The Whitefish City Council voted to remove Martin McGrew from his council position after City Attorney John Phelps recommended the action based on recent findings suggesting McGrew isn’t a legal city resident.
McGrew plans to sue.
Turner Askew, who tied McGrew in city elections but wasn’t selected by the council in a tiebreaking vote, would be expected to take over the position, but at the moment it is unclear what will happen.
“I think they have a problem and they have to solve it,” Askew said after the decision. “And truly there’s nothing I can do to solve it.”
The 3-1 decision – John Muhlfeld was absent and McGrew abstained from voting since it involved his own removal – comes six days after a city employee noticed that the lot where McGrew lives has never been annexed by the city for unclear reasons. McGrew’s lot used to be two separate lots: The northern one was annexed by the city, according to records, but the southern one that holds his house was not. It is one of a handful of lots located within the city that has never been annexed.
Phelps said by state law if McGrew isn’t a legal city resident – or more precisely, wasn’t a resident for 60 days prior to the city council election – he is not eligible to sit on the council. But McGrew said he pays city taxes, has voted in city elections for years and has never had reason to believe he isn’t a city resident.
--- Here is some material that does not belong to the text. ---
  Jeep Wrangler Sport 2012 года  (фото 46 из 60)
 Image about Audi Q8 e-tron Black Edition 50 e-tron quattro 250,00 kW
McGrew’s attorney, Frank Sweeney, suggested the discrepancy is a clerical error and recommended that the city examine and correct the error. In any case, he told the council he believes it would be better for the city to allow McGrew to continue in his elected role until councilors had more time review the evidence. But Phelps said that by allowing McGrew to sit on the council, the city would be opening itself up to a host of other lawsuits. Based on recent turmoil in Whitefish city politics, Phelps said, that is not what the city needs right now.
“We live in a world of controversy,” Phelps said of Whitefish’s current political situation.
McGrew will not be removed until Feb. 19, the next council meeting, giving him time to explore his legal options. As the meeting wore on and it became evident what the council would decide, McGrew made it clear what his intentions would be.
“By approving this, you’re going to have a lawsuit on your hands,” McGrew told fellow councilors.
Sweeney said his client has a strong argument in court based on city tax records and other evidence. Sweeney said the decision was, for the most part, expected, though he reiterated after the meeting that the city could have avoided the lawsuit.
“I’m not surprised by (the decision),” Sweeney said. “But at the same time, the council had other options. Now Martin McGrew has no other option than to pursue injunctive action in the courts. It’s the least attractive option.”
Back in 1987, Phelps said, the council looked to annex 37 “island” lots scattered throughout the city. For whatever reason, the councilors chose to annex only 23 of those lots and left out the remaining 14, including what is today McGrew’s. In 1997, the owner of the northern part gave his land over to the city but the southern one remained un-annexed. Phelps is not sure why the “unusual situation” transpired the way it did.
This is the second time in the past two months a Whitefish city councilor’s residency has been called into question. On Jan. 4, a district judge ruled that Muhlfeld was a lawful city resident and could sit on the council.
Also at the meeting, the council voted to table discussion until a later date on a proposed parking garage and street improvement project in downtown Whitefish.